- **Dataset excerpts**
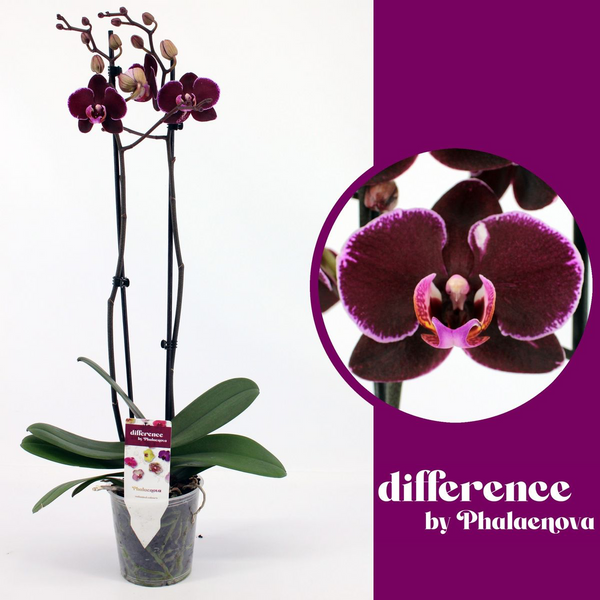 Phalaenopsis Debora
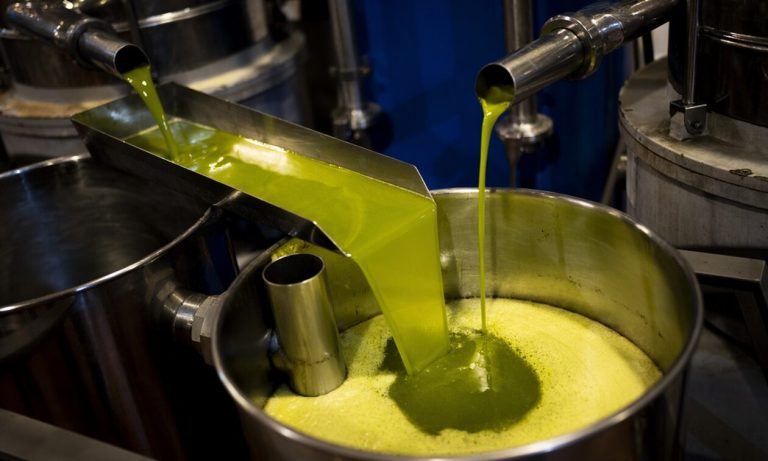 Έρχεται νέα «εκτόξευση» στην τιμή του ελαιόλαδου – Πρόεδρος ΙΝΚΑ: «Θα ξεπεράσει τα 24 ευρώ το λίτρο στο ράφι των σούπερ μάρκετ»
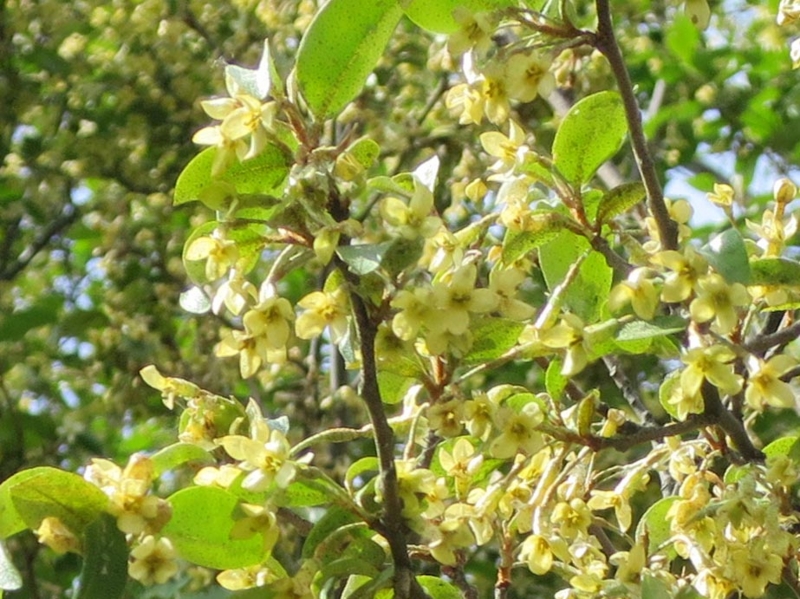f:id:atarou:20140601055014j:image
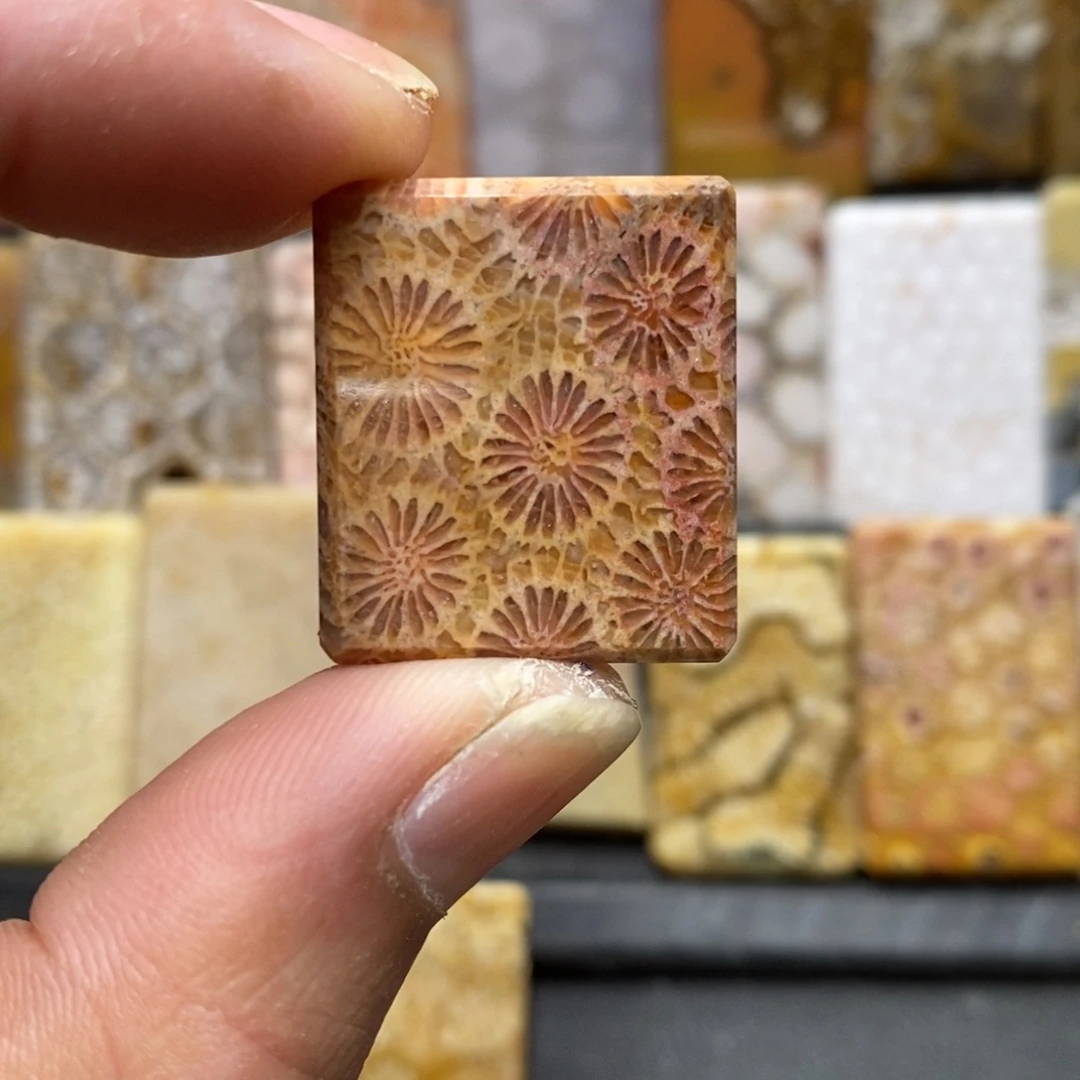 小****硅化珊瑚（珊瑚玉）合金1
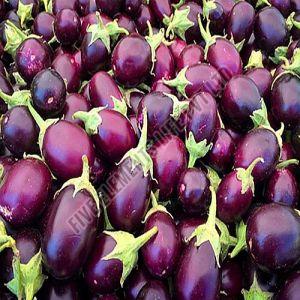 A Grade Fresh Eggplant Brinjal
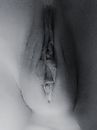 weer eens wat anders..., foto 866x1155, 2 reacties, 73 stemmen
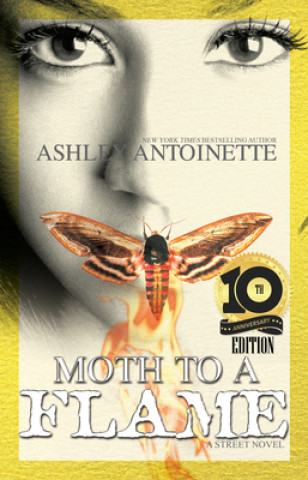 Kniha Moth To A Flame Ashley Antoinette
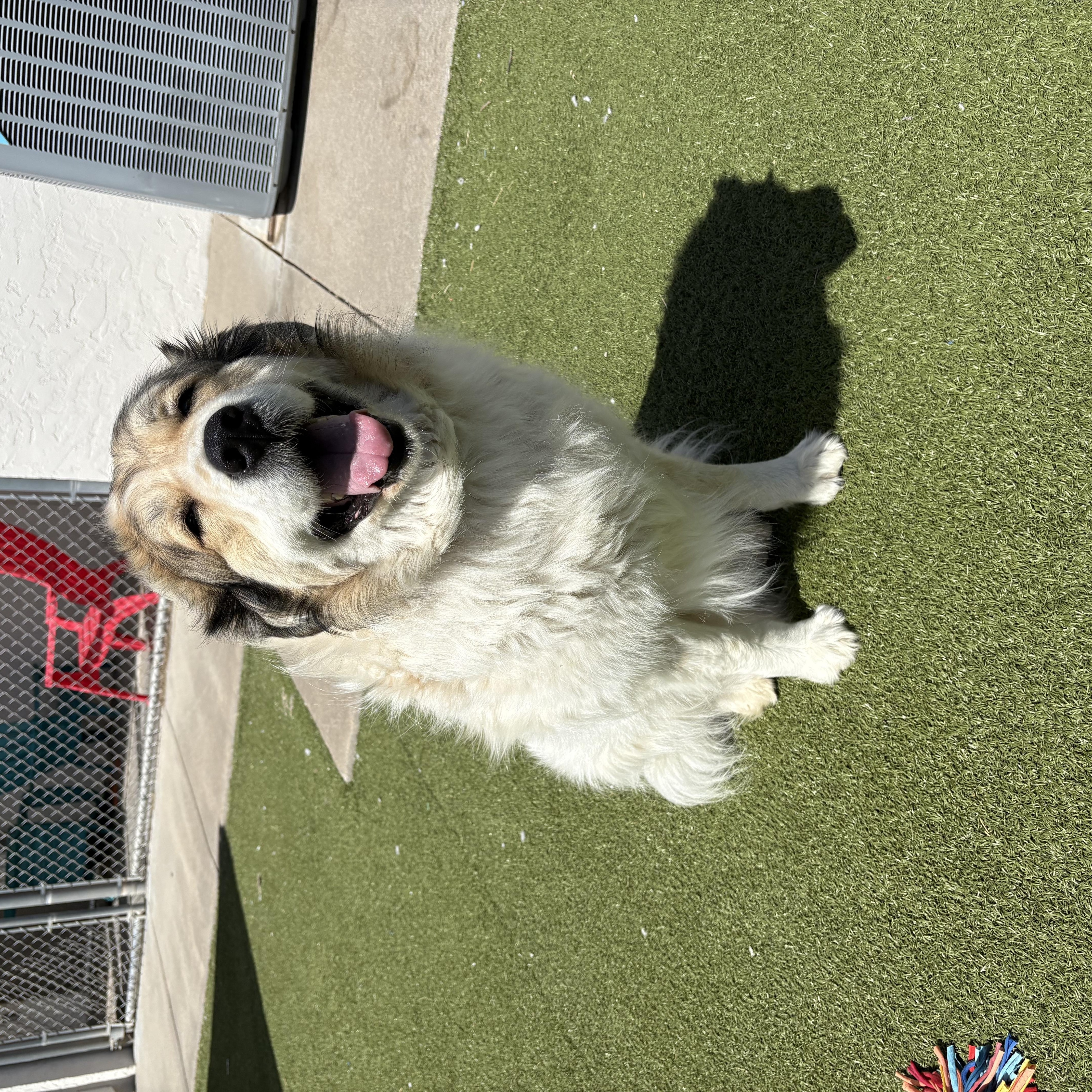 Enlarge Shiloh, an adopted mixed breed in Hays, KS image 3/6
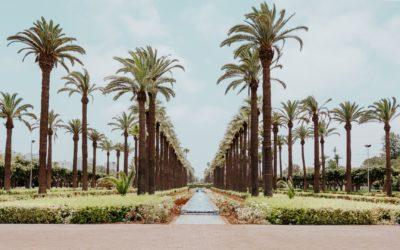 Top 20 Differences Between Morocco and Algeria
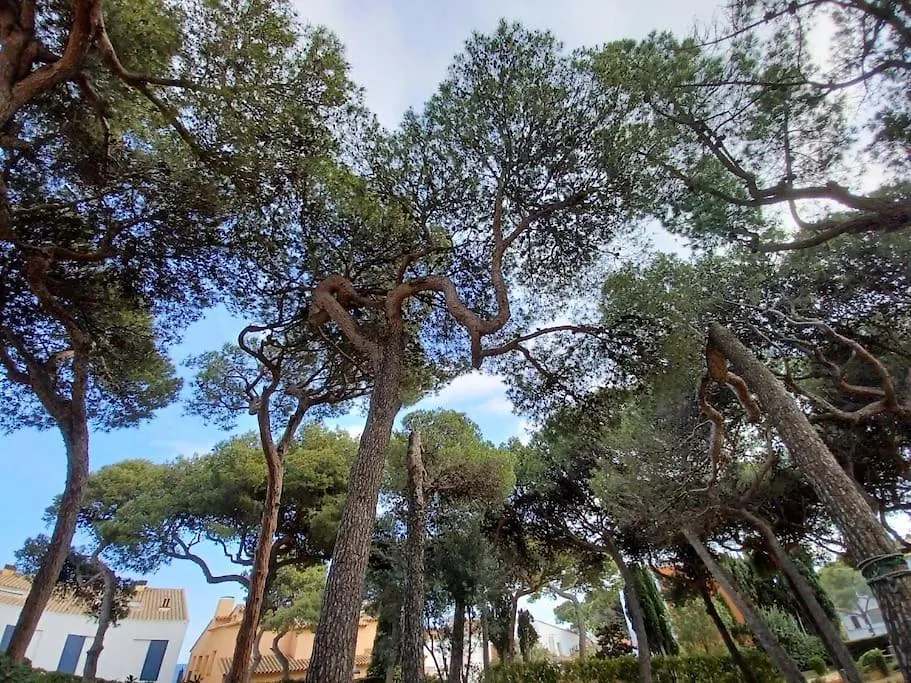 Apartment Apartamento Roc Mar Llafranc Spain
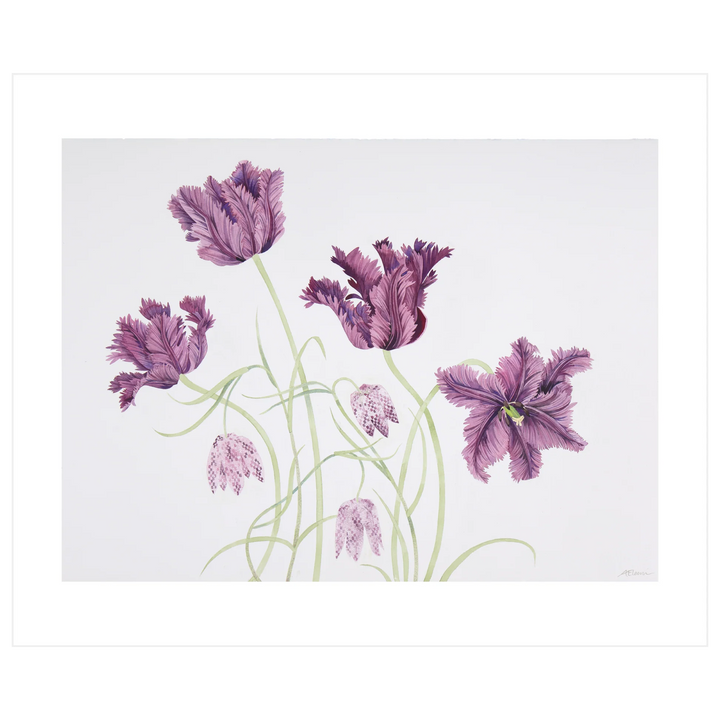 Parrot Tulips &amp; Fritillaries Art Card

- **Activity**
Quote, word for word and nothing more, every line from the line with "A Grade Fresh Eggplant Brinjal" to the end of the entries, including both ends; skip any pictures.

- **Solution to this task**
 A Grade Fresh Eggplant Brinjal
 weer eens wat anders..., foto 866x1155, 2 reacties, 73 stemmen
 Kniha Moth To A Flame Ashley Antoinette
 Enlarge Shiloh, an adopted mixed breed in Hays, KS image 3/6
 Top 20 Differences Between Morocco and Algeria
 Apartment Apartamento Roc Mar Llafranc Spain
 Parrot Tulips &amp; Fritillaries Art Card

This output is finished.